This is the second story in a three-part series on the life of immigrant workers in New York CIty. Here is Part One, on Chinese delivery workers.
For ten months between October 2010 and August 2011, a Korean contractor named Bong Jun Park** hired a group of eight Latino construction workers to excavate the basement of a building in upper Manhattan. The workers were required to break the existing cement floor, excavate eight to ten feet of earth beneath it, and then pour cement for the new foundation. Many of the workers were undocumented, and none were unionized.
According to the workers, they were not given the proper equipment required to carry out the work, as they say often happens on such sites. While the initial concrete floor was broken up with a jackhammer, the workers were required to use pickaxes and shovels to ply it out. The task of digging up the earth was done by hand.* There was not even a conveyor belt to carry out the buckets of excavated dirt. Instead, workers manually carried the buckets-hundreds of times a day-to the outside of the building where another worker raised them up by a pulley rope, emptied them into a wheelbarrow, and then hauled the dirt to a dumpster for disposal. An Ecuadorian worker, Felipe, who was employed at the site, says, "It's convenient for the contractors that we do all of the work by hand, because it saves them a lot of money."
The basement workers were required to work eight to ten hour days with an unpaid 30-minute lunch break. They were paid $10 per hour and no overtime, sick days, or vacations, often seven days a week. The contractors did not provide them with drinking water: If they needed water they had to buy a bottle of water at a nearby store. At lunchtime, the workers were not even given a place to eat, and they often turned over the buckets, using them as small tables to eat their food amid the dust and debris. Felipe points to the differences for unionized workers: "Union workers have a 15-minute break in the morning, lunch at midday, and another break in the afternoon. We can't count on these benefits."

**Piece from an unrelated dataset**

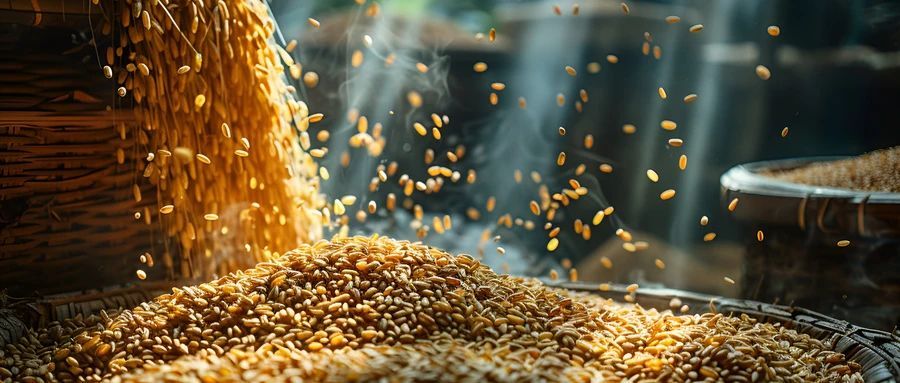 特色应用| 岛津气味分析系统助力小麦储藏年份鉴别方法研究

The contractors did not employ a safety manager, and the workers were not given hardhats or protective glasses. The work produced large quantities of dust and debris, but the workers had no face masks. When city officials conducted safety inspections, protective gear was passed out to workers, but it was taken away as soon as the inspectors left. If the contractors were to provide masks to the workers on a regular basis, they would need to be replaced almost daily because of the amount of dust they collected, and the contractors refused to pay for this. The workers said that when they complained that they couldn't work under these conditions, they were told by the contractors, "If you don't want to work, that's fine. You can leave."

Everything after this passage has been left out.